CHAPTER EMPAT PULUH EMPAT: Keras.

56 13 0
                                    

—Pertentangan akan selalu ada, tak peduli saudara, rekan kerja atau orang tua. Selagi untuk kebaikan, maka tetap pertahankan. Bukankah pertentangan adalah awal dari sebuah hubungan?—

----

Rina tak mengubris, ia lebih memilih untuk menyelesaikan pekerjaannya dibanding harus meladeni laki-laki menyebalkan itu. Sedangkan Fian yang tak dihiraukan kembali berdecak kesal. Lagi, ia menggebrak meja kakaknya itu tanpa malu atau pun bersalah sekalipun.

''Kubilang menyerahlah, Kak.''

Kali ini walau masih kesal, ia memperhalus cara bicaranya pada Rina. Tentu Fian paham, semakin ia berlaku kasar atau tak sopan, ia sama sekali tak akan mendapat jawaban apa pun. Setidaknya jika ia berlaku sopan, maka Rina akan memberi jawaban walau sedikit dan tak mengabaikan dirinya.

"Saya tak mengerti maksudmu apa, Fi. Saya sedang pusing sekarang, jadi jangan tambah-tambahi dengan kamu mengatakan hal yang kamu sendiri sudah tahu jawabannya apa!'' jawab wanita itu ketus. Rina menatap Fian setelah mengumamkan itu sambil membenarkan kerah kemejanya.
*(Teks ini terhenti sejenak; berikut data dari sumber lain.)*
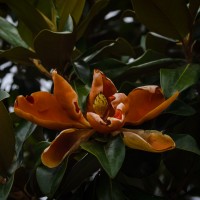 Downtown Grapevine 201340©JamesECockroft 20130615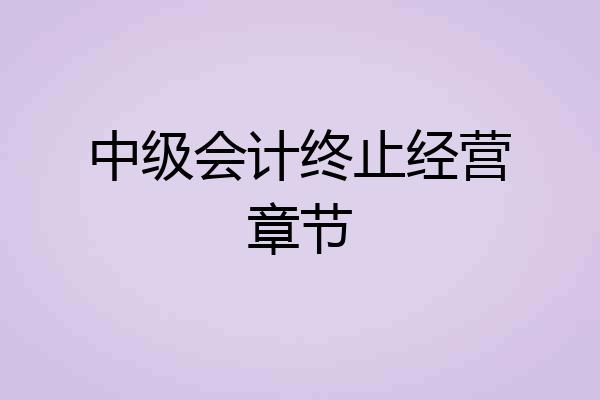 中级会计终止经营章节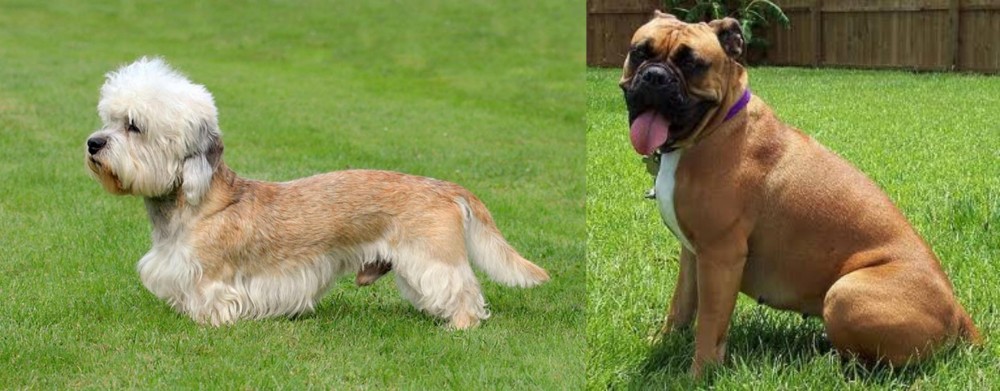 Valley Bulldog vs Dandie Dinmont Terrier - Breed Comparison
"Jangan gila, Kak. Aku hanya ingin melindungimu sebelum semuanya terlambat. Jadi, kuperingatkan sekali lagi, menyerahlah!" Fian tak mau kalah, jelas-jelas ia melihat Rina tengah berdiri di dekat kedai tempat ia dan rekan-rekan kerjanya ngopi bersama tadi.

''Sudah saya katakan jika kita tidak usah membahas ini lagi. Saya tidak takut kalau pada akhirnya saya harus di penjara karena Dimas.'' Rinamenggeleng, tangannya pun bersiap untuk menekan nomor satpam yang terhubung dengan telepon di ruang itu.

Fian yang tahu kalau kakaknya akan mengusirnya lagi lantas berkata, "Kakak tidak perlu melakukannya. Aku bisa pergi sendiri tanpa harus diseret.''

"Pulanglah dan beristirahat dengan baik. Saya tahu jika kasus itu membuatmu sangat kelelahan. Jadi kalau sudah tak ada yang ingin dibicarakan lagi, saya harap kamu tahu diri untuk pergi dari sini. Saya sibuk sekarang!'' Rina membalas sambil mengayunkan tangan ke udara—tanda menyuruh Fian enyah di hadapannya.

Sudut bibir kanan Fian berkedut, sama halnya dengan kedua tangan laki-laki itu. Gemetar, seluruh tubuhnya seperti terbakar saking panasnya. Namun, bukan Fian namanya jika harus kalah dengan Rina. Ia bukan hanya sekali dua kali berhadapan dengan wanita ketus itu, tetapi sudah bertahun-tahun. Jadi, Fian paham betul bagaimana sifat keras kepala kakaknya itu.

Sedikit geretakkan pasti membuahkan hasil, pikir lelaki itu membuatnya kembali berkilah, "Aku masih punya waktu tiga menit, jadi aku masih berhak berada di sini. Aku tahu kalau Kakak tidak akan pernah mau menyerah melindungi si idiot itu, tapi aku juga tak akan tinggal diam melihat Kakak terus-terusan melindungi dia. Oh, ya, satu lagi. Apa Kakak terlibat di kecelakaan yang menimpa Dion saat itu? Dion bilang mobil yang hampir menabraknya berplat AB 5914 AF, itu mobil kakak 'kan?''

Rina tersenyum sinis, tetapi matanya tak pernah lepas dari layar monitor itu. "Ya, itu mobil kakak, tapi apa sebaiknya kamu tanyakan pada Dion bagaimana ciri-ciri detail mobil yang hampir menabraknya itu. Bisa saja mobil itu memiliki flat ganda. Lagi pula kamu ini seorang polisi. Bagaimana bisa kamu tak menyelidiki mobil itu, hah?'' Rina menarik napasnya santai.

Fian mengernyit. 'Maksud Kakak?''

"Kakak tak bisa menuduh sembarangan, tapi apa kamu benar-benar yakin mobil yang Dion maksud adalah punya saya?'' lanjutnya lagi.

Skakmat!

Fian membeku mendengar penjelasan Rina, ia kesal karena lagi-lagi kakaknya tak bisa ia lawan. Sebenarnya ia juga sudah tahu kalau mobil yang hampir menabrak Dion bukanlah milik kakaknya, dan yang dikatakan Rina lagi-lagi benar jika mobil tersebut berplat ganda.